Entro no meu quarto e ao acender a luz sinto lagrimas nos meus olhos. Não percebi a falta que senti do meu cantinho até agora. Ao passar a mão pelas marcas de caneta rosa no batente, sinto minhas lágrimas escorrerem e me pergunto se medirei a altura dos meus filhos nessa porta. Adentro o quarto e vejo tudo em ordem, diferente de quando estou aqui. Provavelmente Edith organizou as minhas coisas.
Me sento na cama e observo cada ângulo do meu quarto, vejo meus livros e minhas bonecas nas prateleiras. Encaixo dois berços mentalmente no quarto.
Imagino meus bebês. E então minha realidade volta quando percebo que Lizzie está na porta.
- Trouxe uma xícara de chá - ela diz - pensei que talvez você...
- Obrigada - digo.
- Não quer o chá? - ela pergunta, parece derrotada.
- Aceito o chá - digo.
Ela caminha até mim e me dá a xícara, como não está tão quente a coloco equilibrada na minha barriga.
- Seu pai disse que você teve desmaios - ela diz - Pensei que talvez...
- Lizzie desembuche - digo bebendo do conteúdo quente da xícara.
- Marquei uma consulta no Dr. Albers para amanhã - ela diz.
- Tudo bem - digo - eu vou.
- Ótimo - ela diz sorrindo - Precisa de alguma coisa?
- Fique tranquila eu sei onde fica tudo - digo.
Ela sai do quarto de costas e para na porta.

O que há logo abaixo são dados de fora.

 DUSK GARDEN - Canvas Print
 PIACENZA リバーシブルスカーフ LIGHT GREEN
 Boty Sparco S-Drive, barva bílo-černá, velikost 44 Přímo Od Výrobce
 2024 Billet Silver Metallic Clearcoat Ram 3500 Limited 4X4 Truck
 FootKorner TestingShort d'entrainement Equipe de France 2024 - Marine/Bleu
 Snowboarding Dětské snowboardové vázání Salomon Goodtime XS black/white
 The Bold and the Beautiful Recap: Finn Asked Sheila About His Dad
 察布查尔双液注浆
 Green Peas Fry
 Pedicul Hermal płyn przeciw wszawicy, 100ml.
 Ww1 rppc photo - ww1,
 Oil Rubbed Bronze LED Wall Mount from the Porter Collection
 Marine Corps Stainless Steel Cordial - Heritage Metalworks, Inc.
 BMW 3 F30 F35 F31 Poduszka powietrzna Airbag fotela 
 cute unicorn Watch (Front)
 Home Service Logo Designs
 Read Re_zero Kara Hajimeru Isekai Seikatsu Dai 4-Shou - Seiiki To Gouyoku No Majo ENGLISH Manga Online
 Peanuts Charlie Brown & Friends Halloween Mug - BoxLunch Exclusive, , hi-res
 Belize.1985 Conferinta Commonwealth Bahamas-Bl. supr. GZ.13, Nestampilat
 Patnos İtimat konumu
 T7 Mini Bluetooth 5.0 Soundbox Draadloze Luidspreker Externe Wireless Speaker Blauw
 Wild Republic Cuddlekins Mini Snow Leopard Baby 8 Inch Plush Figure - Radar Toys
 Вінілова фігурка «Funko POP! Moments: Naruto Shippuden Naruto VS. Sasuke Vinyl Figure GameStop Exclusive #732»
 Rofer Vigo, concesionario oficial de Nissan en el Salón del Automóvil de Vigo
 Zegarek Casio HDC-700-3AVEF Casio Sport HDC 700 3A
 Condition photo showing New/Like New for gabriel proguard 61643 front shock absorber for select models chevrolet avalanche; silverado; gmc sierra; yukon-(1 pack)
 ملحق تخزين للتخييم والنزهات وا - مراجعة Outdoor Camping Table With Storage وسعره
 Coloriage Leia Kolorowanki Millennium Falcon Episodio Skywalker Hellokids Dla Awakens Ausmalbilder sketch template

- Sei que passou por muita coisa - ela diz - Vou dar seu espaço e tempo, sinto muito por colocá-la nessa situação. Foi um ato impensado, porém não da pra voltar atras.
- Eu sei Lizzie - digo - Eu já tive o tempo que precisava. Só quero ser uma garota gravida normal de 18 anos.
- Oh meu Deus! - ela diz - Já havia quase me esquecido.
Ela sai do quarto e volta com um embrulho imenso.
- Espero que goste - ela diz me dando o embrulho, desfaço o laço e tiro o papel colorido. Dentro há uma caixa de papelão, abro as abas da caixa e encontro vários itens de Yale. Uma jaqueta esportiva com o logo da universidade, um boné do time de futebol, uma camiseta, uma caneta com um buldogue desenhado. Tudo o que eu não precisava nesse momento.
- Yale mandou para você - ela diz - Ainda não comprei seu presente de 18 anos, sempre saiamos pra comprar juntas; fiquei com medo de errar no presente.
- Não precisa me dar nada - digo.
- Como assim? 18 anos é uma idade importante - ela diz - Se estivesse em casa eu teria comprado um bolo...
- De café com chocolate - termino a frase.
- Sim, seu preferido - ela diz.
- Na verdade não é - digo - Mas, não importa.
- Posso comprar o bolo que quiser amanha - ela diz.
- Já faz 3 semanas Lizzie, não se preocupe - digo.
- Como vou te deixar sem nenhum bolo?
- Meus avós compraram um bolo - digo.
- Eu não estava lá.
- Você tinha coisas mais importantes para fazer - digo.
- O que é mais importante do que a minha menininha? - ela diz sorrindo.
- Eu poderia listar - digo e vejo-a perder o sorriso - Mas estou cansada. Se me ser licença.
- Ok - ela diz - Bom sonhos.
- Idem - digo e a porta bate, ouço o suspiro que Lizzie solta e seus passos pela escada. Então tudo fica quieto, e eu finalmente consigo dormir.